*Task prompt*
What is needed is an exact reproduction of the lines from the one that contains "Hombre sonriendo en estudio de BBC" through the end of the data, both included and nothing else, with pictures omitted.

*Data excerpts*
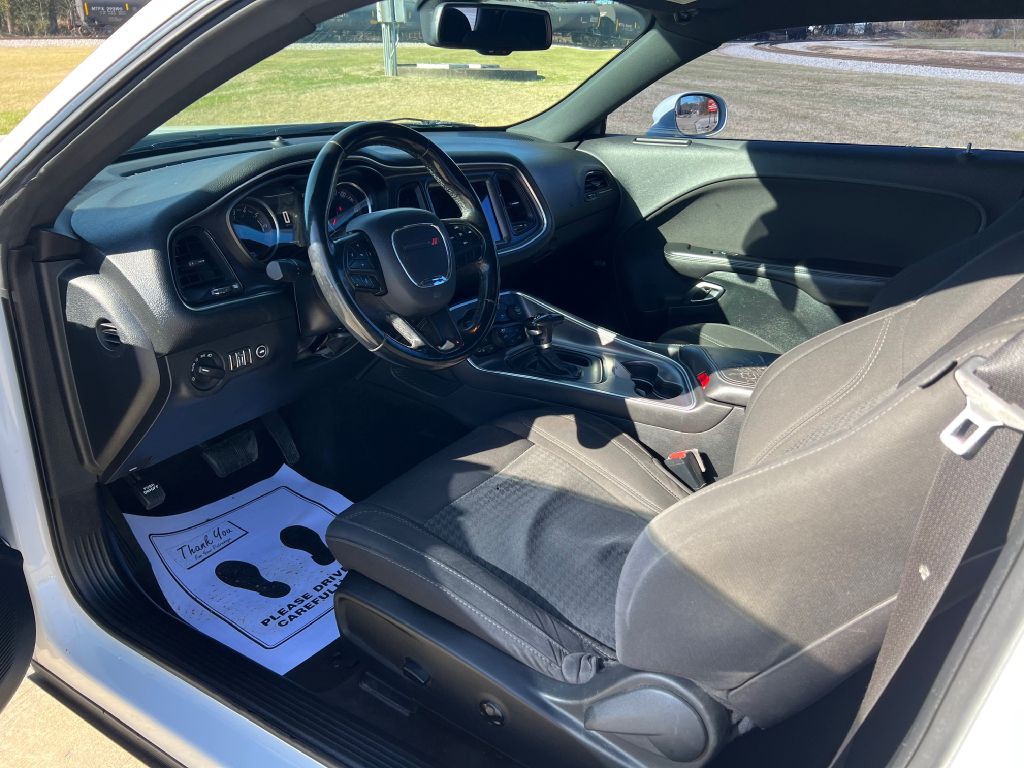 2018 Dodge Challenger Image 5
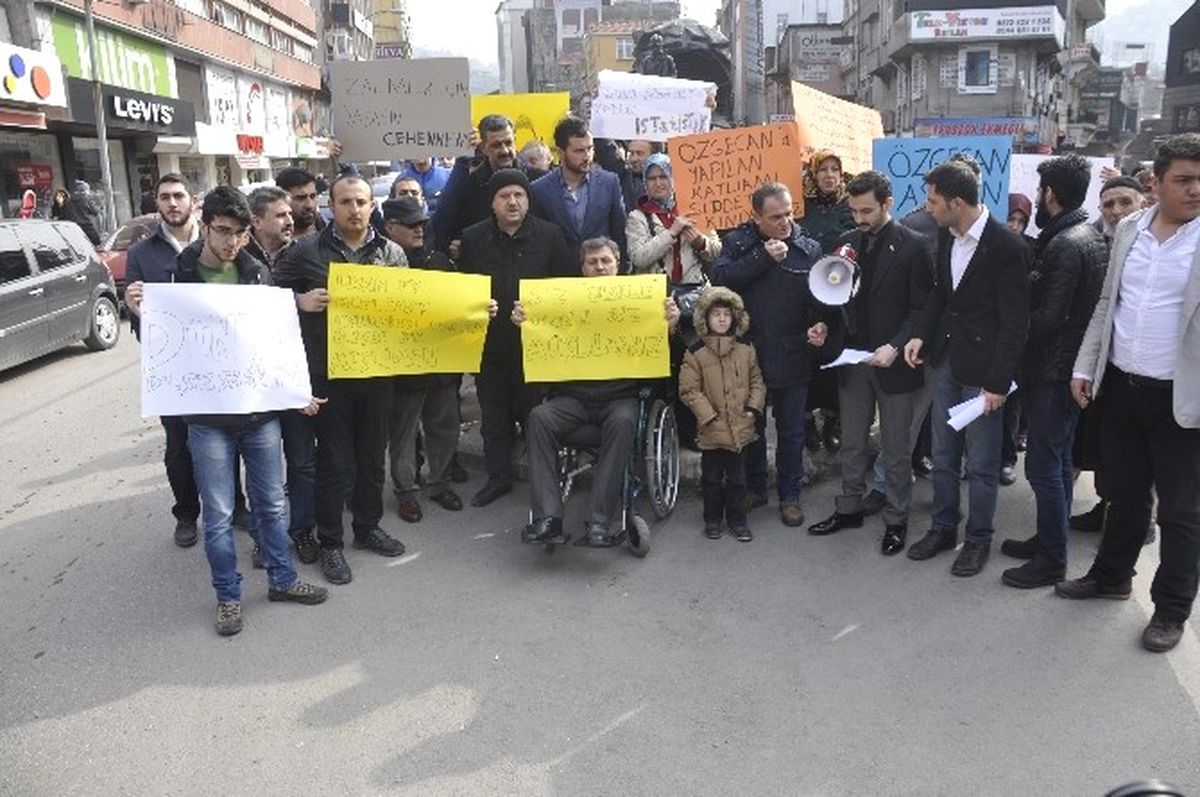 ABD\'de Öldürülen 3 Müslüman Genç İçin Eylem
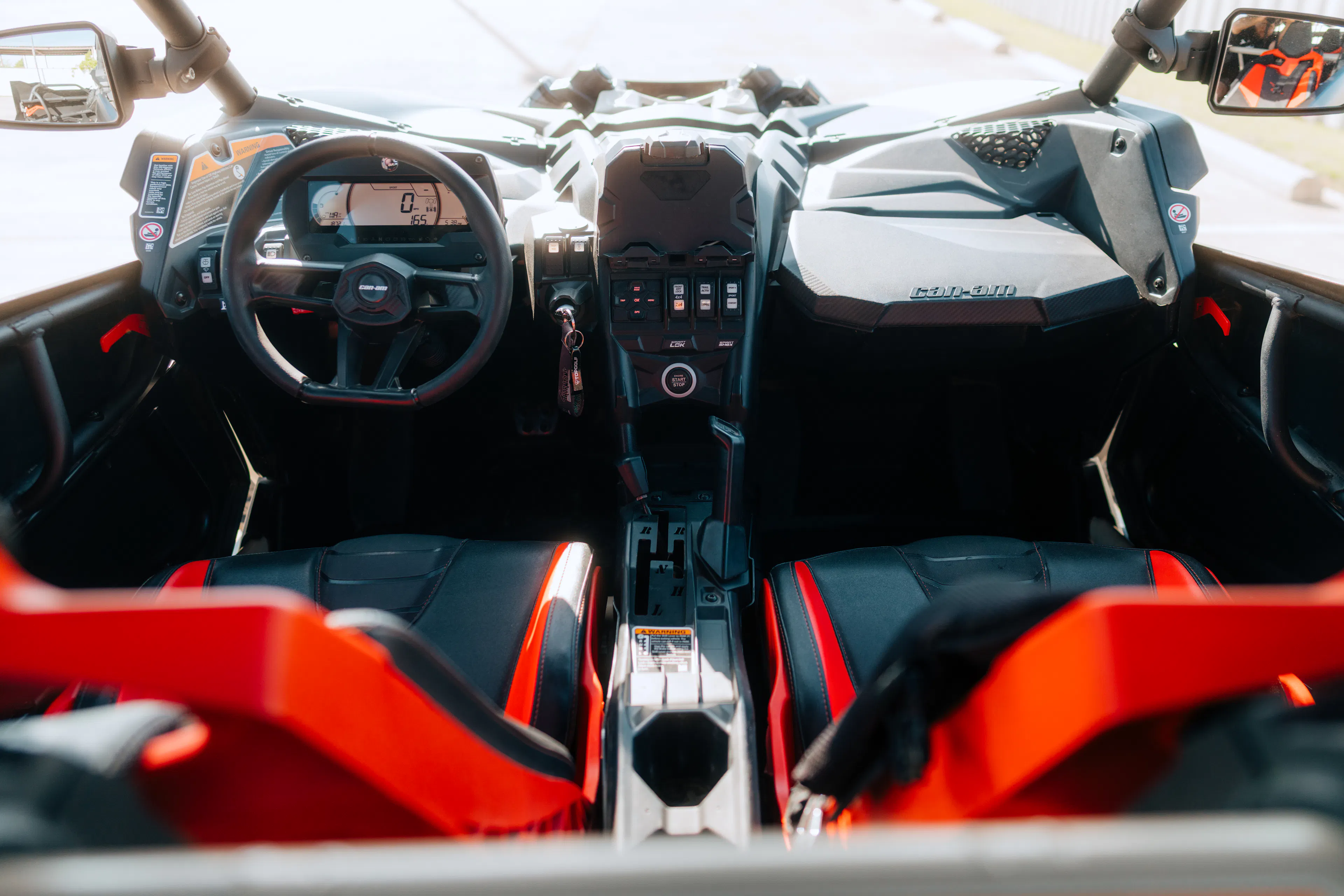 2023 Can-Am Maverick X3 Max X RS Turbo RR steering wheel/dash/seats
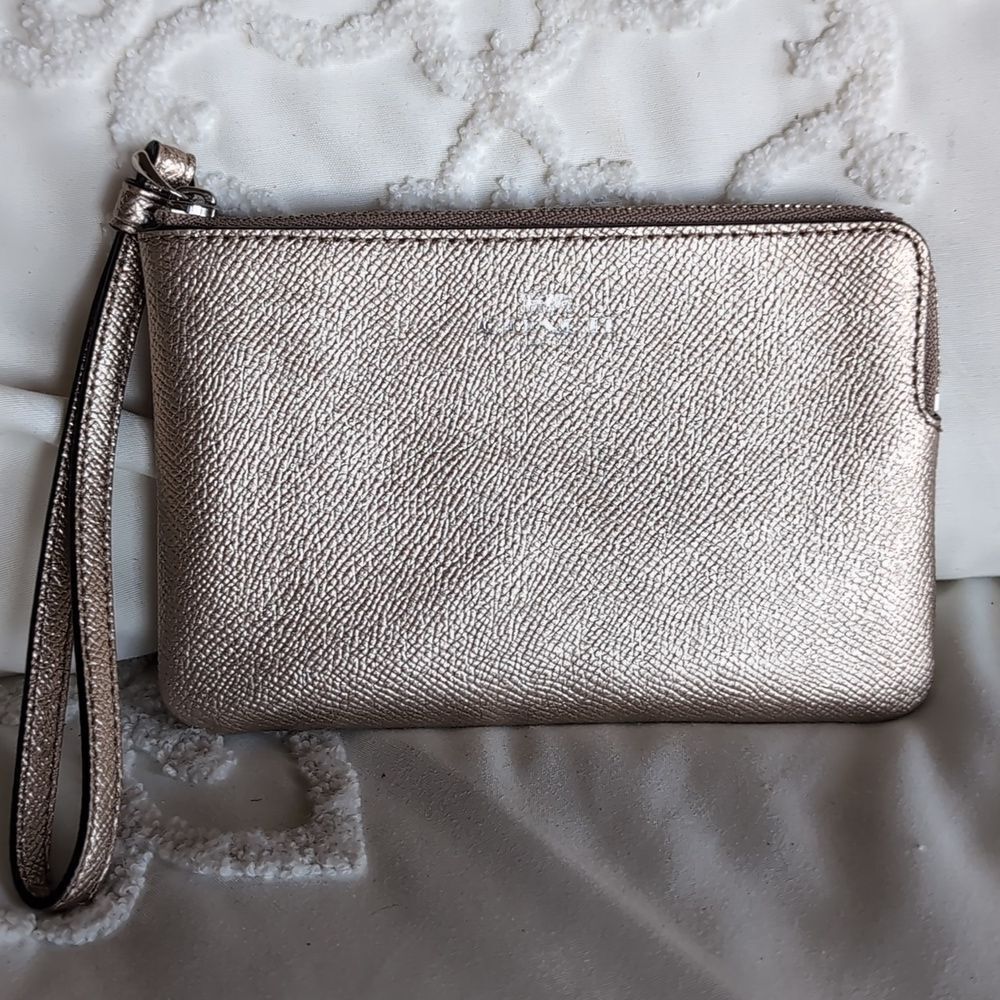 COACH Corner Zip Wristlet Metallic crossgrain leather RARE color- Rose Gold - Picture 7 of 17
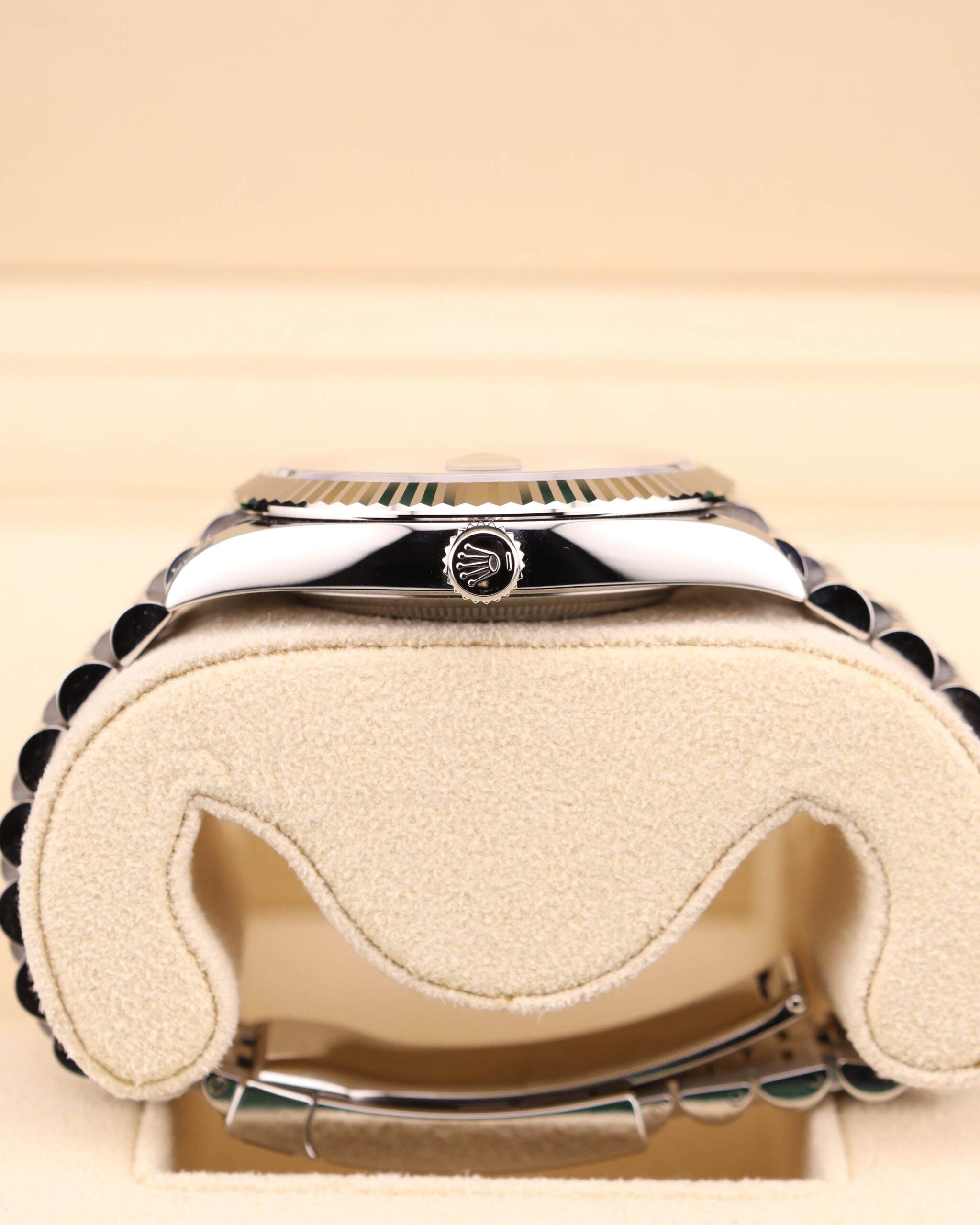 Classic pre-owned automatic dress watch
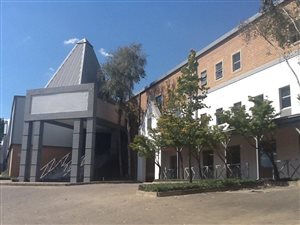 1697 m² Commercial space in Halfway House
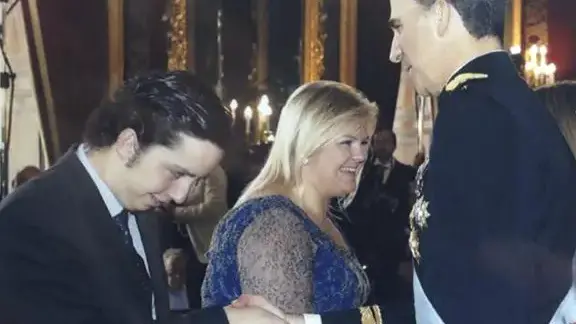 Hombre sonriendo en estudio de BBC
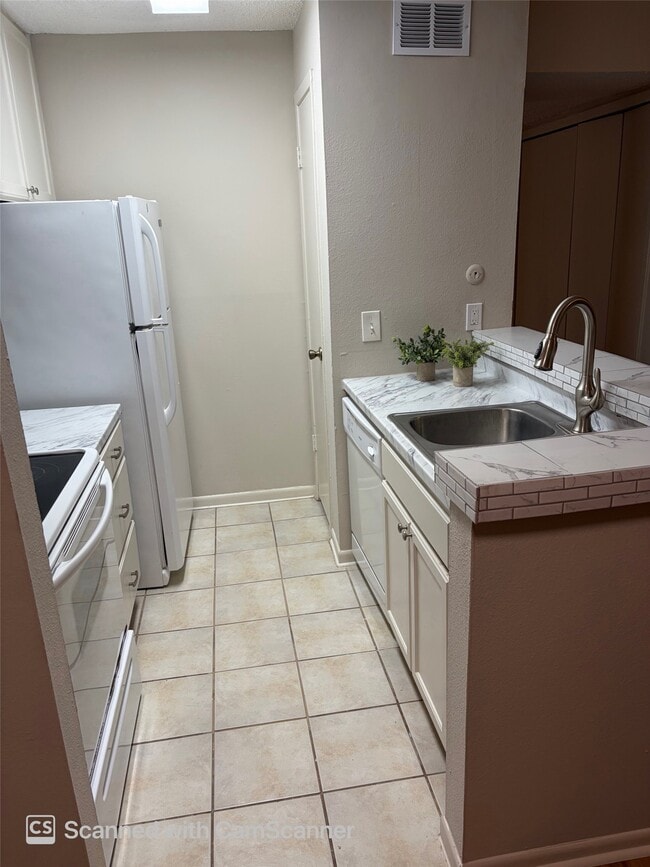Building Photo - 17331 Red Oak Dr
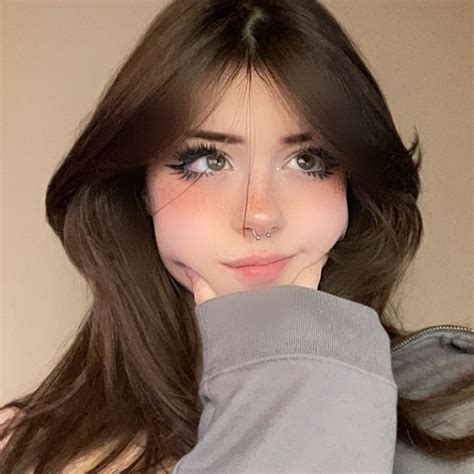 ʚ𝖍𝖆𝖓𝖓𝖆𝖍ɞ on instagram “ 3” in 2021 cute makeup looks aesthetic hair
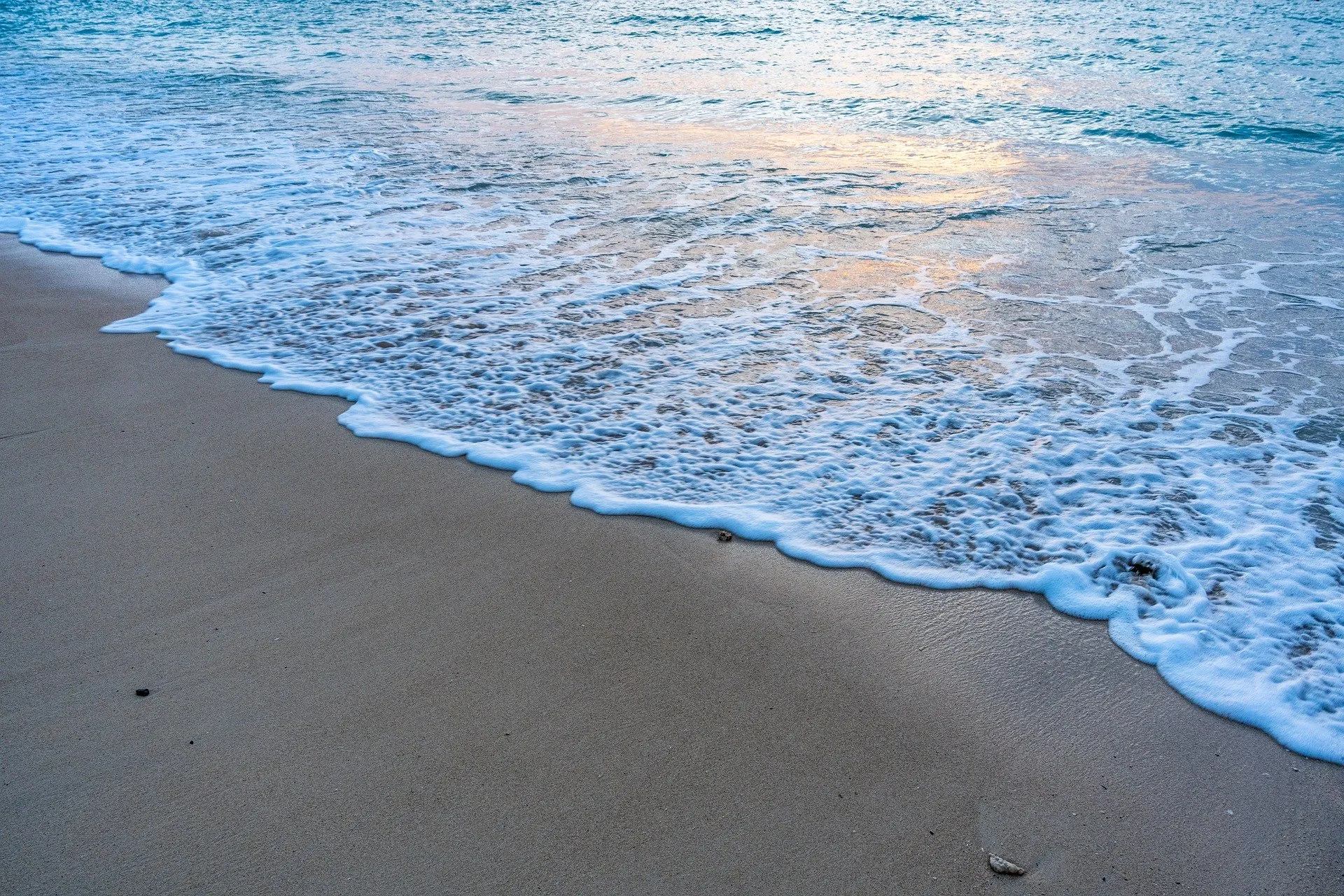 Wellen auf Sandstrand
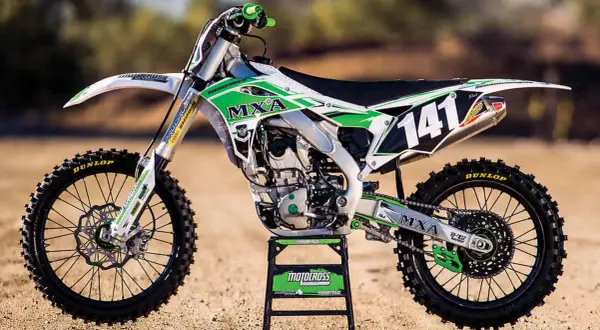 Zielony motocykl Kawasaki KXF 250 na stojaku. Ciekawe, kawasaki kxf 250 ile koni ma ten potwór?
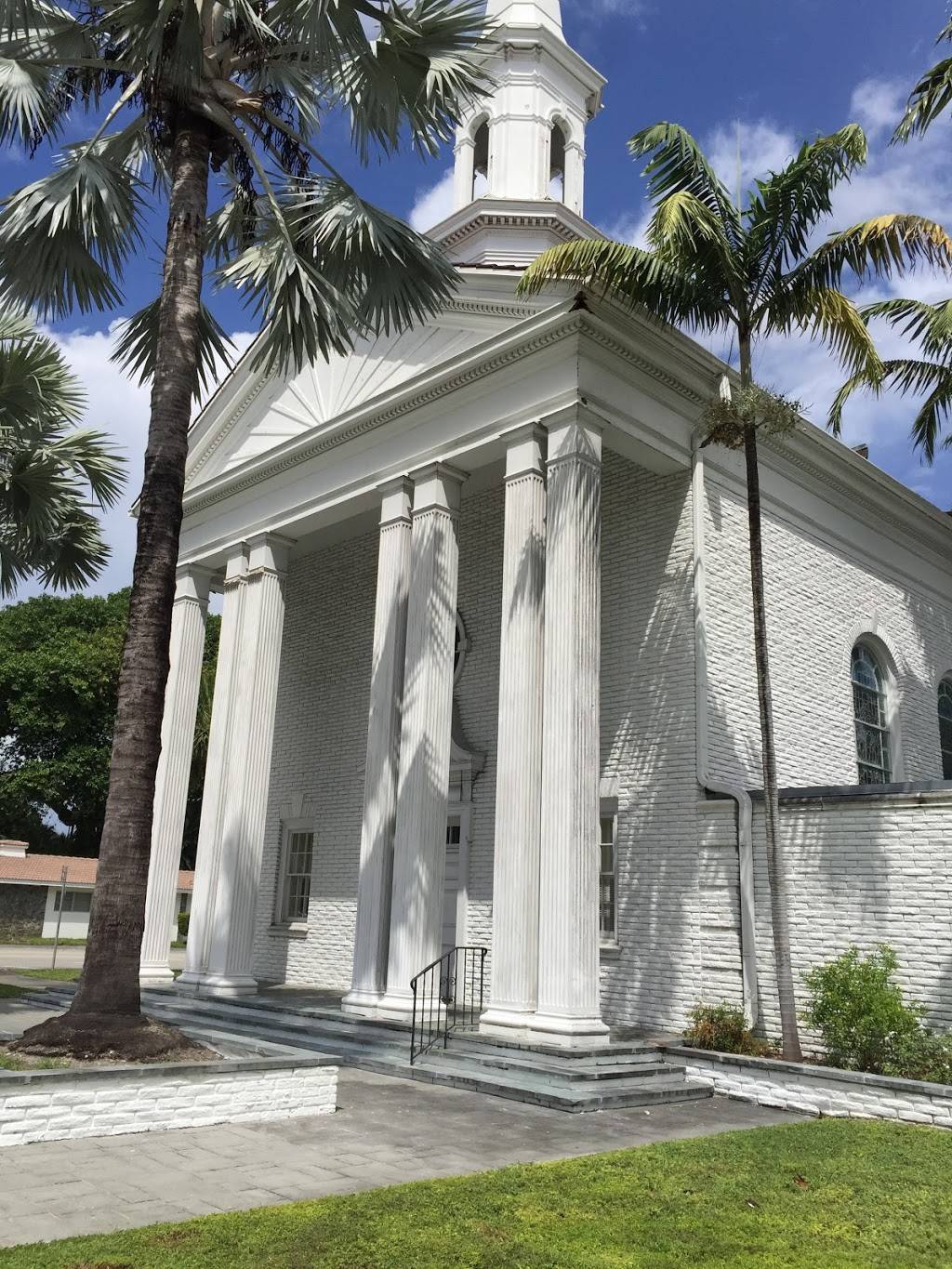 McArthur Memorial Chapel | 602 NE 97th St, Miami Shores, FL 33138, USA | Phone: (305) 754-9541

*Solution to this problem*
 Hombre sonriendo en estudio de BBC
Building Photo - 17331 Red Oak Dr
 ʚ𝖍𝖆𝖓𝖓𝖆𝖍ɞ on instagram “ 3” in 2021 cute makeup looks aesthetic hair
 Wellen auf Sandstrand
 Zielony motocykl Kawasaki KXF 250 na stojaku. Ciekawe, kawasaki kxf 250 ile koni ma ten potwór?
 McArthur Memorial Chapel | 602 NE 97th St, Miami Shores, FL 33138, USA | Phone: (305) 754-9541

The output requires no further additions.